L’insécurité est une affaire de sexe, de cul, et ça disparaîtra avec le sexe, avec l’Autre, l’altérité. Perspective qui ne relève donc plus du rêve, par les temps clonesques qui courent, c’est pour demain, c’est à dire bientôt. Donc un peu de patience, et on n’entendra plus parler de l’insécurité ; encore moins de la liberté, car il n’est pas de liberté sans altérité. Autrement dit, l’insécurité est consubstantielle à la liberté. Quand l’Identité aura enfin trouvé le moyen de se perpétuer sans le concours du sexe, alors la Différence, la liberté, l’insécurité, la spiritualité, l’art, le "con" et la langue disparaîtront ; le poète se taira à jamais, et l’Identité pourra redevenir ce qu’elle fut : une et divisible et immortelle. On comprend donc que le problème de l’insécurité est intimement lié à la présence du trou noir, de l’inconnu, de l’étranger, de l’incompréhensible, de l’incertitude, de l’immaîtrisable, du risque, en somme lié à la présence de l’Autre, du vide, de la différence, de la diversité, source de toute angoisse, de la peur et de l’effroi archaïque. Autrement dit, l’insécurité participe de la fiction - tout comme la femme est une fiction pour l’homme et vice-versa.

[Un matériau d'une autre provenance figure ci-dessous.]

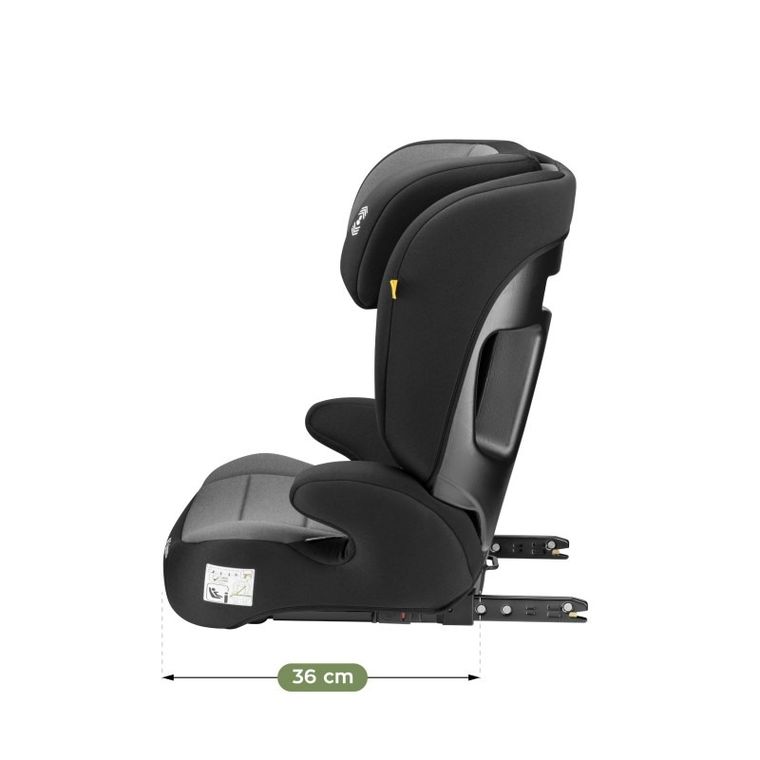 Tulano, Joy 45, fotelik samochodowy, grey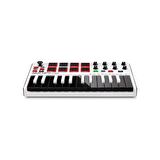 Akai Mpkmini 2 Müzik Prodüksiyonu Klavye Kontrol Cihazı Beyaz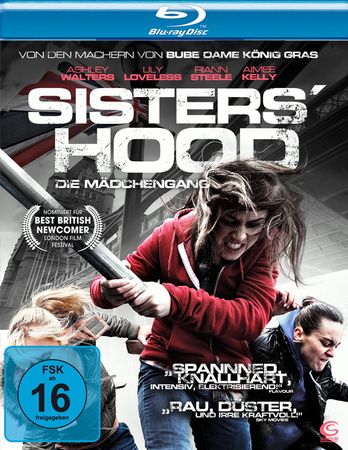 Sisters Hood - Die Mädchen-Gang (blu-ray)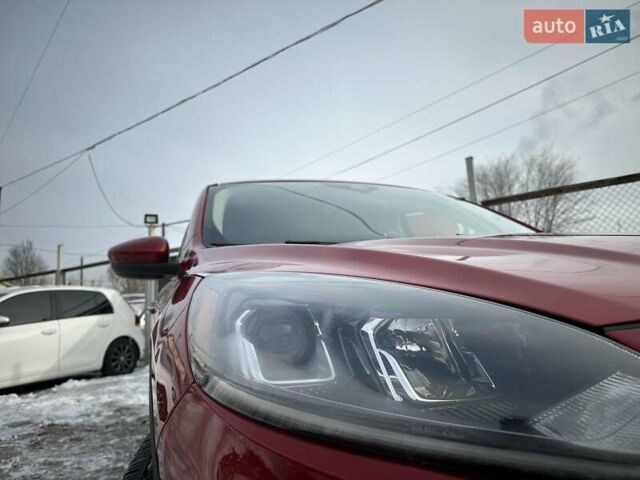Червоний Форд Ескейп, об'ємом двигуна 1.5 л та пробігом 76 тис. км за 18500 $, фото 9 на Automoto.ua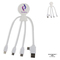 2099 | Xoopar Mr. Bio Smart Charging cable with NFC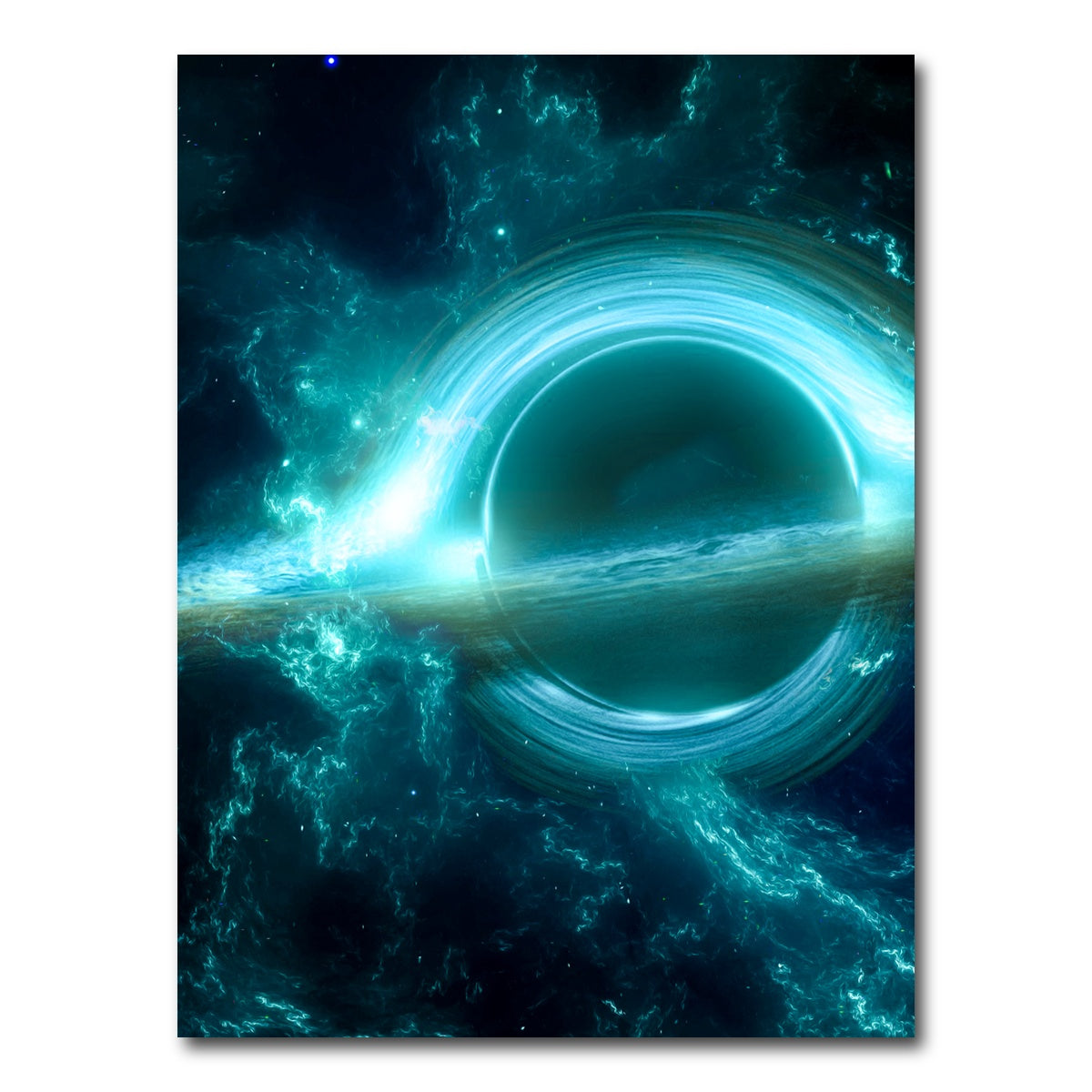 AUTO-MOCKUP WHITE | Spacescape 2 | 1 Piece | Gallery Wrap Canvas | group=3x4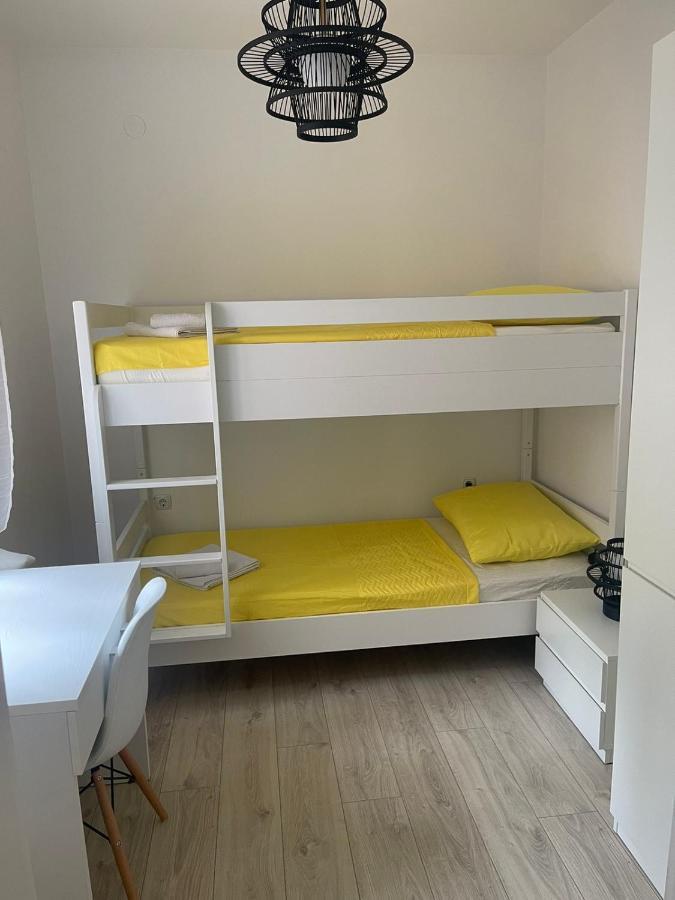 Apartments Lovro Lovran Ngoại thất bức ảnh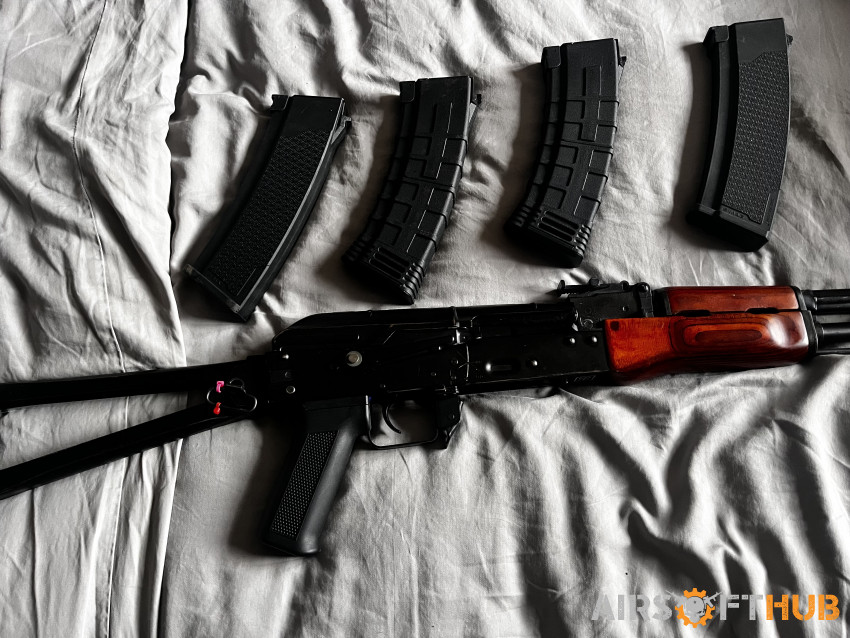 Specna Arms SA-J08 EDGE 2.0 - Used airsoft equipment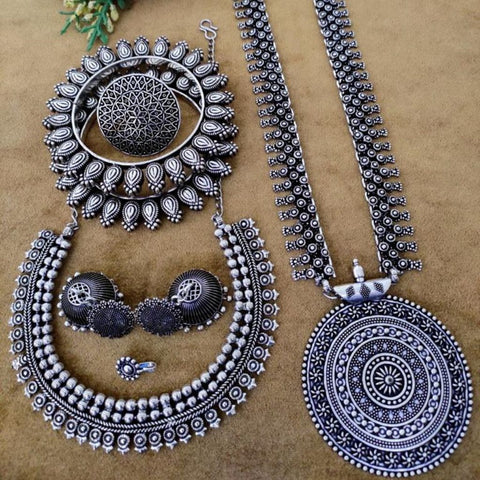 Oxidised Combo Set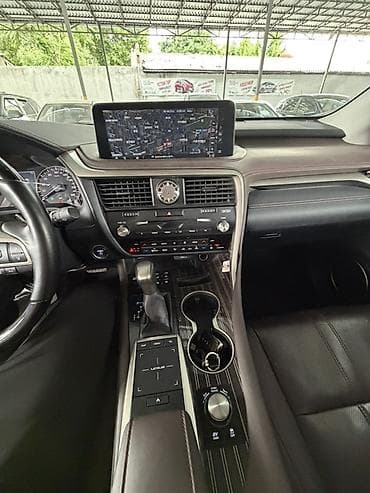 01: Lexus RX: 2020 г., 2.5 л, Вариатор, Гибрид, Кроссовер — 10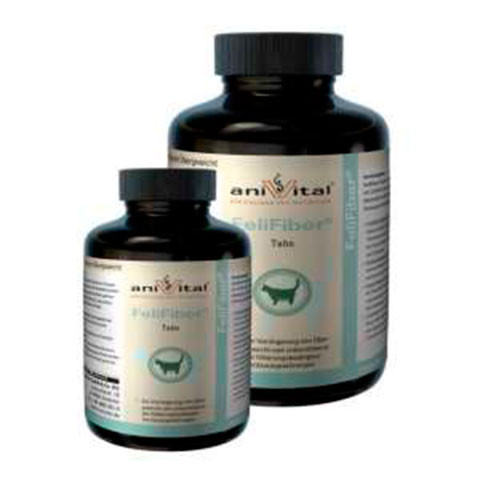 AniVital FeliFiber для снижения веса кошек, 140 таблеток
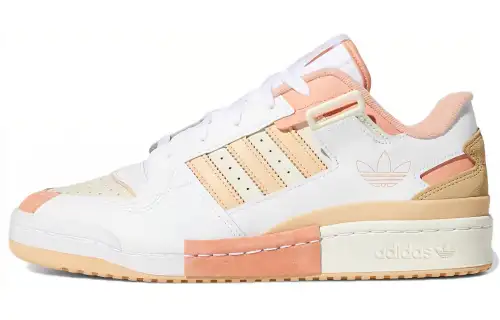 Adidas Forum Exhibit Low 'Cream Halo Amber'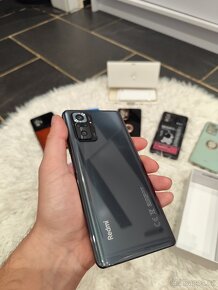 Xiaomi redmi note 10 pro - 128 Gb (jako nový) - 3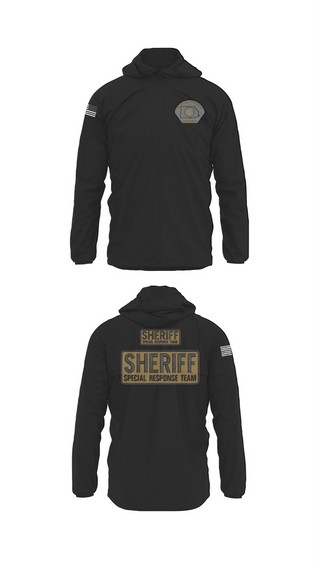Windbreaker, Crime Suppression, Police, Teamtime, Team time, sublimation, custom sports apparel, team uniforms, spirit wear, spiritwear, sports uniforms, custom shirts, team store, custom team store, fundraiser sports, apparel fundraiser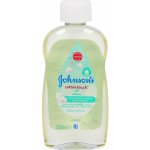Johnson’s baby Cottontouch olej 200 ml – Zboží Dáma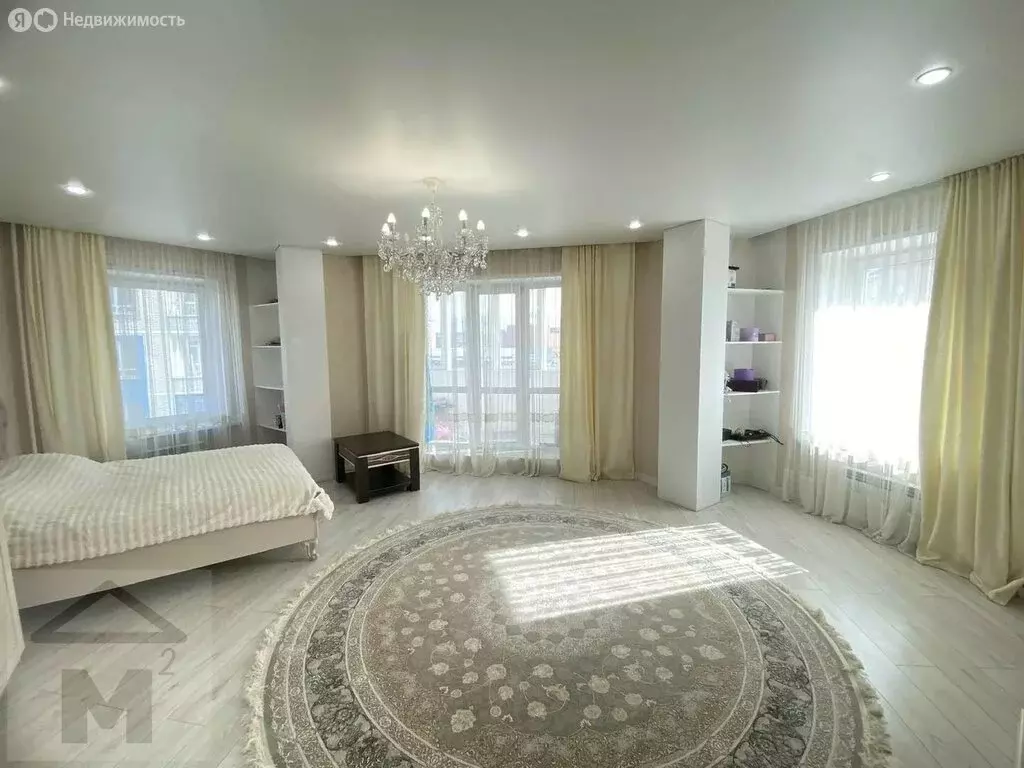 2-комнатная квартира: Абакан, улица Кирова, 206А (67.9 м) - Фото 1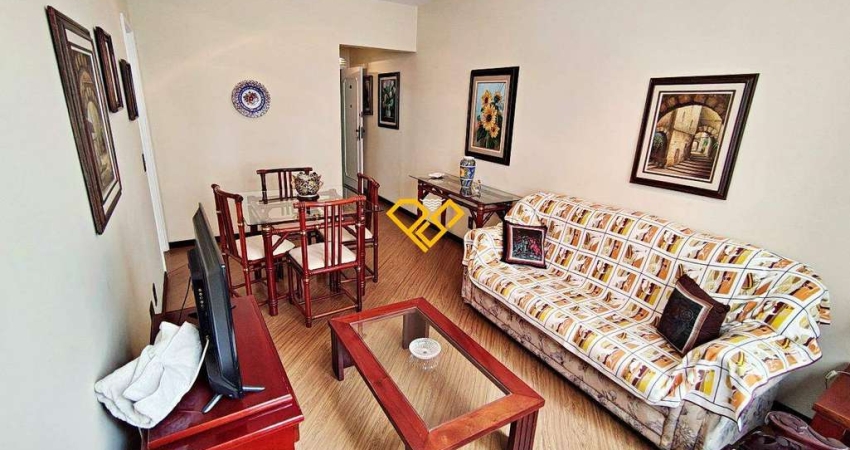 Apartamento com 1 quarto à venda no Boqueirão, Santos 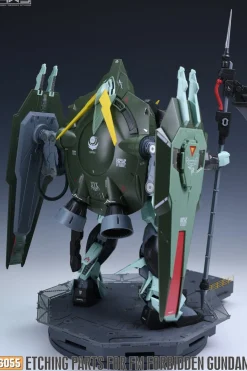 S55 Photo Etch FM 1/100 Forbidden Gundam w/ Decals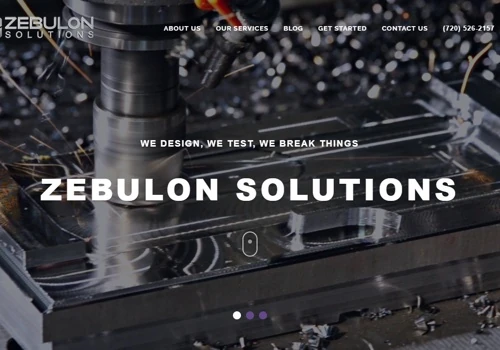 Zebulon Solutions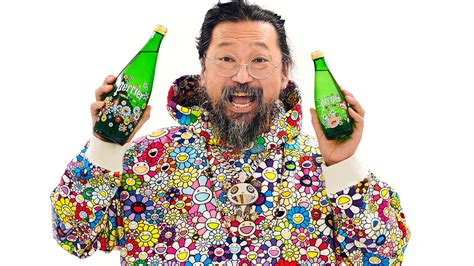 Takashi Murakami Takashi Murakami Is Returning To Paris For A New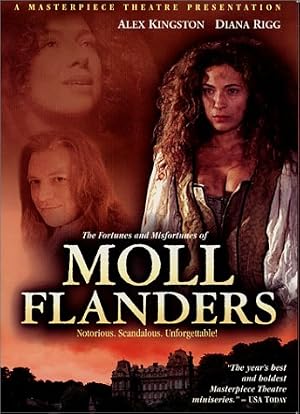 Pôster de The Fortunes and Misfortunes of Moll Flanders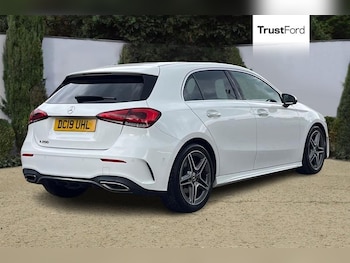 Used Mercedes-Benz A-Class 2019 for sale - 78529921: Photo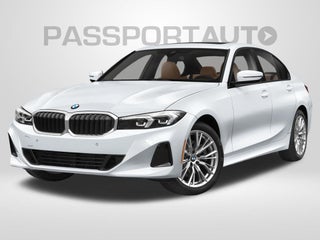 2024 BMW 3 Series 330i xDrive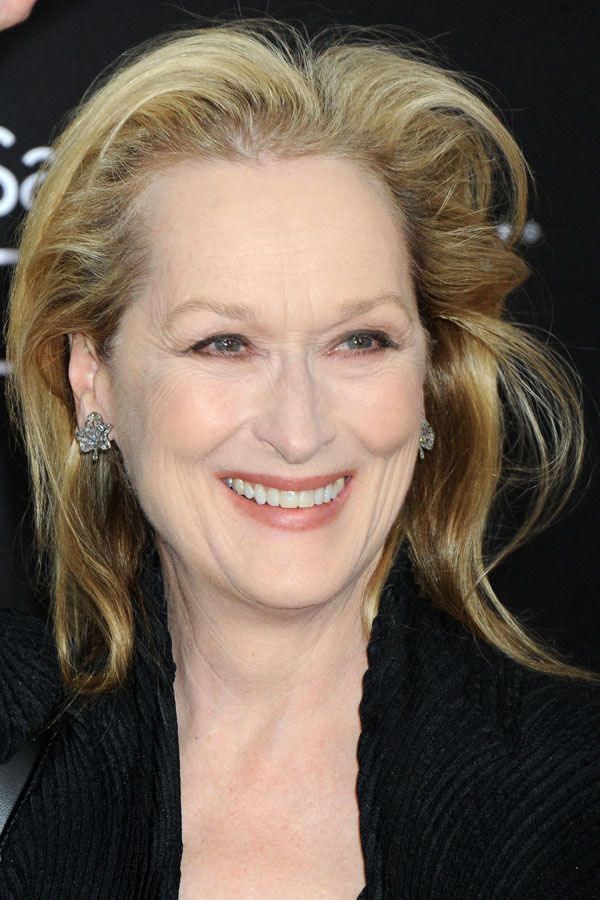 Najlepsza aktorka drugoplanowa - Meryl Streep - Tajemnice lasu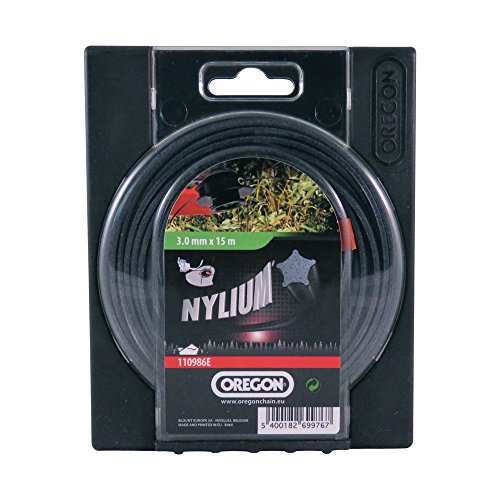 Oregon Nylium 15 m 3,0 mm Blister, 110986E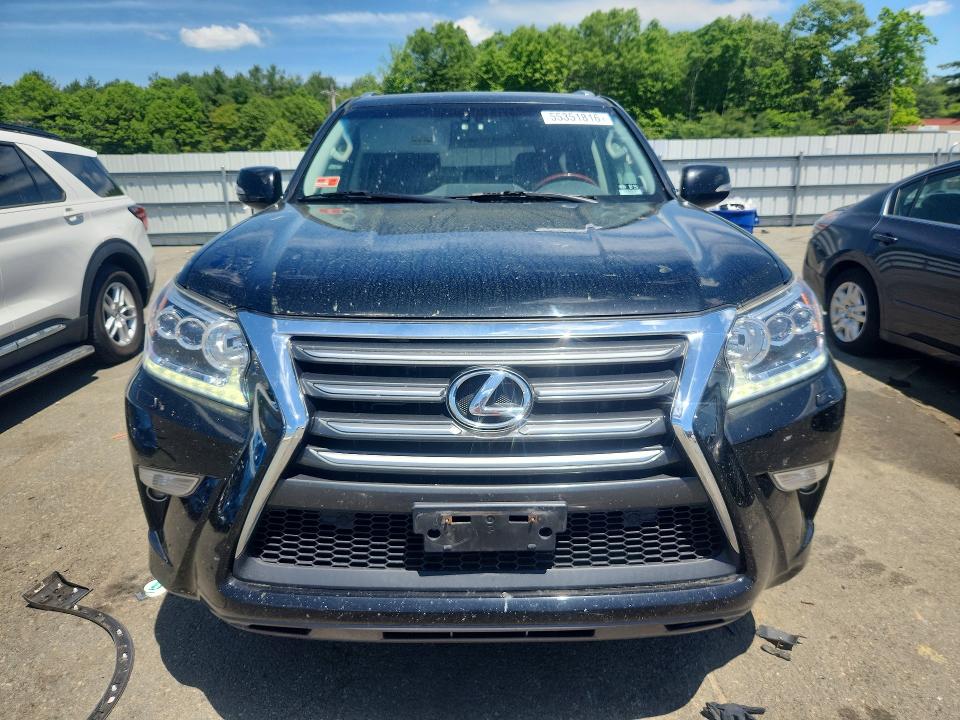 Aukcja sprzedaży 2016 Lexus Gx, vin: JTJBM7FX8G5131536, numer aukcji: 55351816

L’insécurité, ou plus justement le sentiment d’insécurité, c’est de l’ordre du fantasme, de la déraison, ce qui n’exclut pas une certaine logique. En règle générale, tout ce qui attire l’attention est déstabilisant, menaçant, provoque l’inquiétude, un sentiment d’insécurité, du moins dans un premier temps. Et ce qui, presque par définition, attire l’attention, c’est l’inconnu, c’est la différence, c’est le mouvement, le changement, la nouveauté, l’inhabituel, l’inattendu. Que surgisse la différence, aussitôt l’attention est attirée et se concentre dessus, se détournant de "soi". La différence devient alors centre de l’attention, nouveau Centre, tandis que le "soi" se trouve décentré et perd donc sa position de Centre, son pouvoir. Comme dit Delacroix dans Les grandes formes de la vie mentale : "L’attention est arrêt et adjonction. Elle est d’abord un réflexe d’investigation, le réflexe du "qu’est-ce que c’est ?" et suivant l’expression de Pawlow, une mise en garde, une alerte." Dans ce détournement d’attention, il y a glissement, passation, risque d’une passation de pouvoir, d’un renversement, d’un coup d’état. On se met donc en garde, on se crispe, car on se sent menacé, menacé de perdre son pouvoir, sa position de Centre, centre du monde.
Tout être vivant est confronté à ça, tout être vivant fait à chaque instant du jour et de sa vie cette redoutable expérience, mais combien enrichissante. Et dans toute société, établie forcément comme Centre, autrement dit "supérieur", détenteur du "commencement" et donc d’origine et de pureté, tout élément allogène est perçu comme hostile, menaçant, impur, c’est à dire porteur de sexe et susceptible de (re-)créer le rythme, la couleur, le mélange, appelé aussi péché originel. En un mot, tout corps apparemment extérieur au groupe constitué est perçu comme potentiellement violent parce que subversif et, bien sûr, "inférieur" et impur. Aussi rien de plus logique que l’étranger, ou celui qui est vu comme différent, soit une figure emblématique de l’insécurité et du risque, et dans toutes les sociétés. En conclusion, l’insécurité fonde le vivant, la limite, le différent, le jeu, la langue, l’art, l’acte de création et la liberté. L’insécurité fait exister l’Autre et s’en porte garant. L’insécurité c’est la vie, c’est l’impure et intolérable relation entre le trou et la queue, entre le vide et le plein, entre l’Identité et la Différence.